> [Task]:
Pictures are to be excluded. Please print only the lines from the one containing "La Participación Ciudadana" through the end of the data, exactly as they appear.

> [Data extract]:
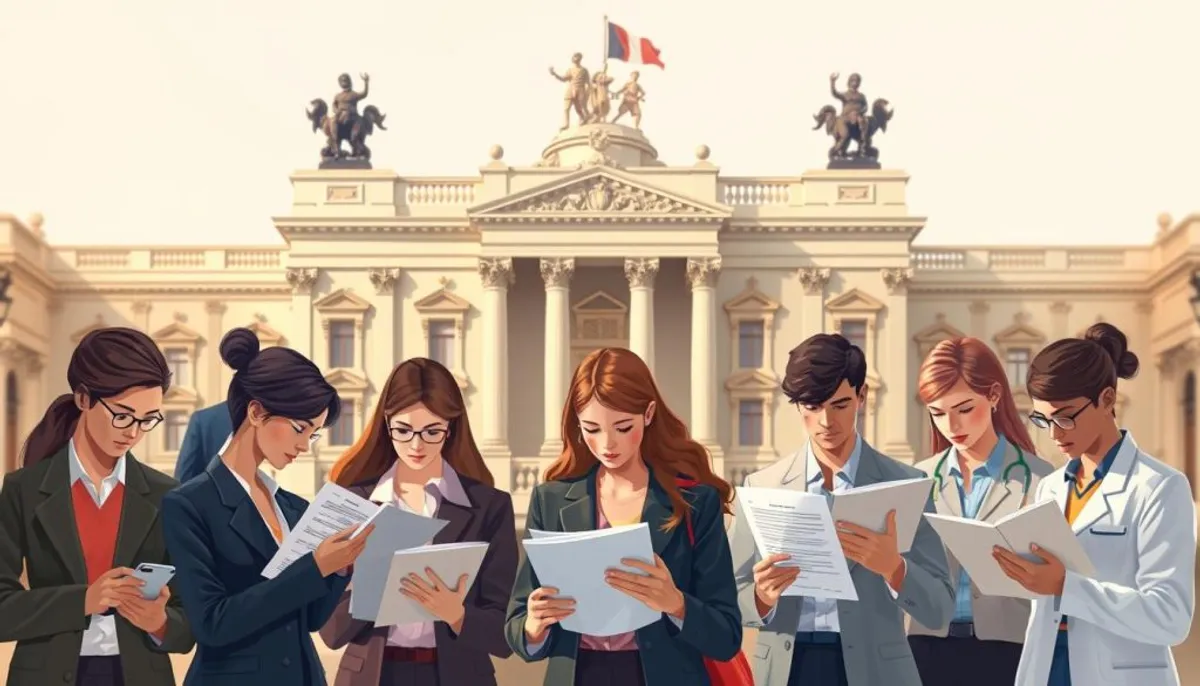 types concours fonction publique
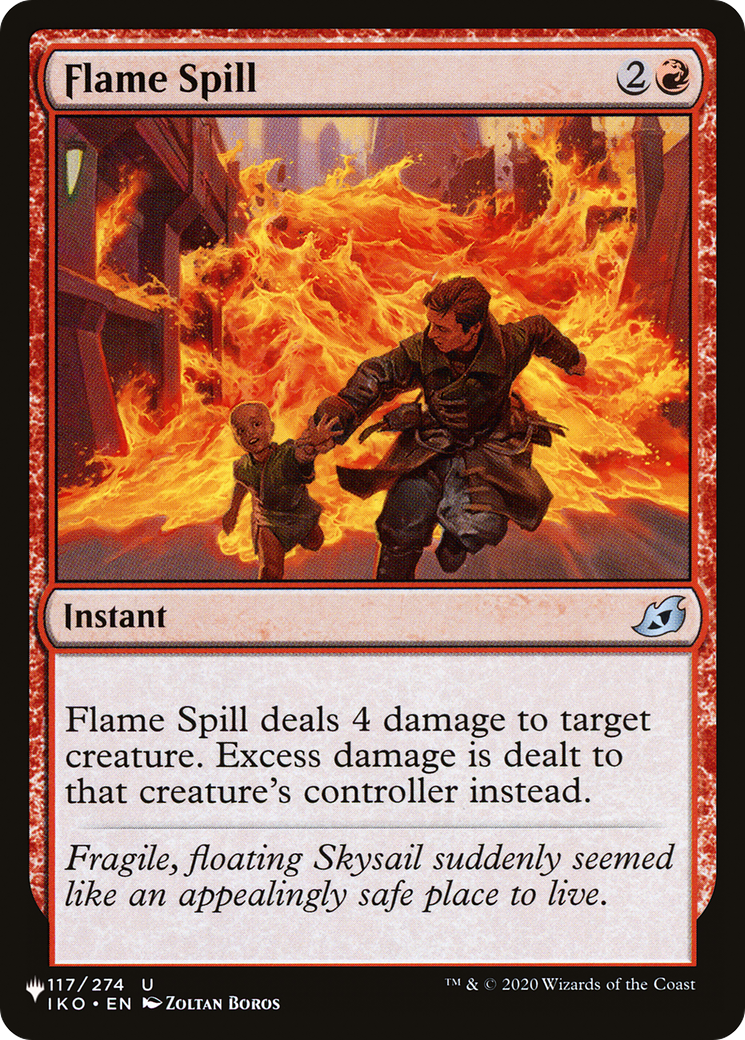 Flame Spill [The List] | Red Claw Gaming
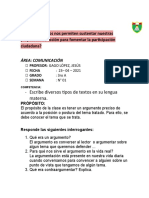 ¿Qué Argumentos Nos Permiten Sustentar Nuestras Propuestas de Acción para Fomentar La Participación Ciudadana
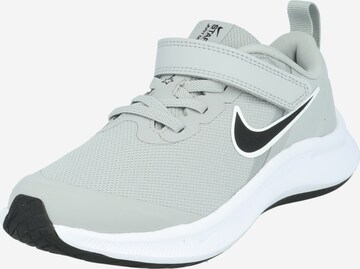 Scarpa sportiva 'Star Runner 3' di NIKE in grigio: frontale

> [Output for this exercise]:
 ¿Qué Argumentos Nos Permiten Sustentar Nuestras Propuestas de Acción para Fomentar La Participación Ciudadana
 Scarpa sportiva 'Star Runner 3' di NIKE in grigio: frontale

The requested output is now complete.